Un catanese va in Cina per diventare programmatore «Continuerò a viaggiare ma tornerò nella mia terra»

Tra dieci talenti selezionati da Huawei c’è pure un ragazzo catanese. L’opportunità è di quelle che fanno toccare con mano il futuro. Un programma di formazione, nato per promuovere merito ed eccellenza tra gli studenti universitari italiani, nel campo dell’Ingegneria elettronica, informatica e delle telecomunicazioni, voluto dal colosso cinese leader globale nello sviluppo, produzione e commercializzazione di prodotti e soluzioni dell’Itc (Information e communication technology) d’intesa con i ministeri dell’Istruzione e dello Sviluppo economico. Tra i dieci talenti che hanno partecipato alla quarta edizione del Seeds for the Future c’era anche il catanese Francesco Caruso. Ventidue anni, studente di ingegneria elettronica del Politecnico di Milano, Caruso, dopo aver superato una rigida selezione, ha trascorso due settimane in Cina nelle sedi di Huawei

«La prima tappa è stata a Shenzhen, sede del quartier generale della società cinese – racconta Caruso – Abbiamo dedicato un’intera settimana alla formazione, con un programma incentrato sulla conoscenza del mondo del lavoro, sulla realtà aziendale e sulle opportunità che offrono le nuove tecnologie». «Nella seconda settimana – aggiunge – abbiamo avuto la possibilità di visitare Pechino, partecipando a diverse attività, volute dall’università di Lingua e Cultura Cinese, per conoscere la storia e le tradizioni del Paese che ci ha ospitato». Un percorso di studio basato su lezioni in classe, esercitazioni pratiche, formazione multimediale e simulazioni di problem solving per unire aspetti formativi e applicazione concreta nel mondo industriale. 

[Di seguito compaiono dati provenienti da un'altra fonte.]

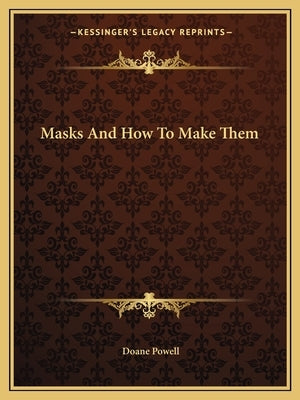 Masks And How To Make Them by Powell, Doane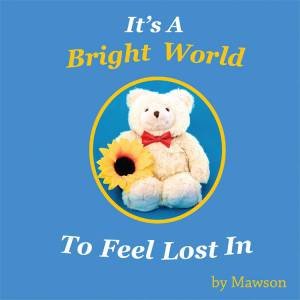 It's a Bright World by Unknown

«I padiglioni espositivi e le fabbriche che ho avuto modo di visitare sono indescrivibili – prosegue Caruso – Si trovano prodotti e soluzioni estremamente innovativi per lo sviluppo dell’Ict. Una visita da cui sono scaturite diverse idee interessanti che, magari un giorno, potrebbero prendere forma anche nel nostro Paese». L’azienda cinese, che da anni destina tra il dieci e il quindici per cento del proprio fatturato globale al settore ricerca e sviluppo, con il progetto Seeds for the Future guida gli studenti di tutto il mondo nell’intricato percorso della trasformazione digitale e propone un’approfondita conoscenza delle tecnologie di ultimissima generazione per contribuire alla digitalizzazione dell’industria. «Durante il percorso di formazione ci hanno chiesto di scrivere una lettera per conoscere le nostre idee sulle nuove tecnologie – prosegue lo studente – Ci siamo concentrati sia sulle potenzialità della smart city, la città intelligente, che evolve quotidianamente per migliorare le condizioni di vita di un individuo all’interno di una città, sia sull’IoT (Internet of things) cioè l’internet delle cose». 

«Fra qualche anno tutti noi vivremo in un mondo dove tutto sarà collegato a internet. Luci di casa, finestre, condizionatori e automobili saranno connessi in rete. Questa prospettiva, indubbiamente affascinate, pone il problema di formare personale adeguatamente qualificato», prosegue. Si stima che in Europa nel 2020, circa 800mila posti di lavoro in ambito Ict resteranno vacanti, proprio a causa della scarsa presenza di figure professionali dotate delle competenze adeguate. Attualmente il quaranta per cento delle aziende europee ha difficoltà a reperire profili professionali in possesso di una specifica preparazione. In Italia, solo il quindici dei lavoratori sarebbe in possesso di tali conoscenze, ma con un livello insufficiente. 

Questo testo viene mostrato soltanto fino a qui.